[Recorded data]
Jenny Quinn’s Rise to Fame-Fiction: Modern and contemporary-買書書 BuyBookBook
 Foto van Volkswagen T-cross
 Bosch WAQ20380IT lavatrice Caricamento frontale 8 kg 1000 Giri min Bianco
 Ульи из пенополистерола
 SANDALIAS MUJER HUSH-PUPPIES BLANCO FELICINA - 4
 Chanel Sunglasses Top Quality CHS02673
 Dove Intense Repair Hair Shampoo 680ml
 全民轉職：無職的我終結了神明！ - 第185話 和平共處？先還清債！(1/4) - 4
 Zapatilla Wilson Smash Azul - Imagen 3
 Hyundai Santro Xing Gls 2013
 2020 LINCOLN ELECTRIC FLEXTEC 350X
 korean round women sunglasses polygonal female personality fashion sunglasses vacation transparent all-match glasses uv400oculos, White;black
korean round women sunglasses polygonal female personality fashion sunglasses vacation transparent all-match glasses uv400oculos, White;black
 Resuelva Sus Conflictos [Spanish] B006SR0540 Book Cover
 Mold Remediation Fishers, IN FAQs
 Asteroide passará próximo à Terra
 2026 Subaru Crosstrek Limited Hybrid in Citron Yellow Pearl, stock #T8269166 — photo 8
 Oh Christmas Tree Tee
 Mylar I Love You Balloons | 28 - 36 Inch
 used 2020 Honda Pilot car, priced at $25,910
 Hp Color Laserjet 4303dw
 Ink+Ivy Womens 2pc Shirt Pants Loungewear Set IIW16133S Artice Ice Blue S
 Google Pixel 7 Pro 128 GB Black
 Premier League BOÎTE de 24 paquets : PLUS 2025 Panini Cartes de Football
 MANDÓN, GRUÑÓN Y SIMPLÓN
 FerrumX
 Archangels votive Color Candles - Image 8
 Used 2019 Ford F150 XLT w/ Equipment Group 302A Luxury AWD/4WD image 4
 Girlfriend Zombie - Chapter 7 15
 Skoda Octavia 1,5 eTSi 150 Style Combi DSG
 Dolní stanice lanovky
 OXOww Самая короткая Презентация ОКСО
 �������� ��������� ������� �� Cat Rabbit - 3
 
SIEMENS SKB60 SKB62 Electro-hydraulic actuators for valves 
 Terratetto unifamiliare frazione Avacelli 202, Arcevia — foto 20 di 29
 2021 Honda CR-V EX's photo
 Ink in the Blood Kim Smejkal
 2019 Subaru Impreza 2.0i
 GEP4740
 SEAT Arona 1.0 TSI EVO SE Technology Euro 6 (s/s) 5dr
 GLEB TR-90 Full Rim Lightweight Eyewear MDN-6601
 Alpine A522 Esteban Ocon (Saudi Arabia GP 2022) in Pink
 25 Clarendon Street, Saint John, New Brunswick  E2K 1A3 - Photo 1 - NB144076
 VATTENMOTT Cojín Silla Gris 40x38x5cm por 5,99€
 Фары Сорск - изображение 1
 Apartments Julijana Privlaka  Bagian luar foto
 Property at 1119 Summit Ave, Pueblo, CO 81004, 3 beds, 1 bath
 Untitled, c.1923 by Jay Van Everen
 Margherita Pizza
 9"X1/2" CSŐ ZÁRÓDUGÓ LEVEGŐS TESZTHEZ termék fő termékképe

Your assignment:
Reproduce exactly the entries above, limited to the lines from the one with "Ink in the Blood Kim Smejkal" through the one with "25 Clarendon Street, Saint", both included.

Solution for this problem:
 Ink in the Blood Kim Smejkal
 2019 Subaru Impreza 2.0i
 GEP4740
 SEAT Arona 1.0 TSI EVO SE Technology Euro 6 (s/s) 5dr
 GLEB TR-90 Full Rim Lightweight Eyewear MDN-6601
 Alpine A522 Esteban Ocon (Saudi Arabia GP 2022) in Pink
 25 Clarendon Street, Saint John, New Brunswick  E2K 1A3 - Photo 1 - NB144076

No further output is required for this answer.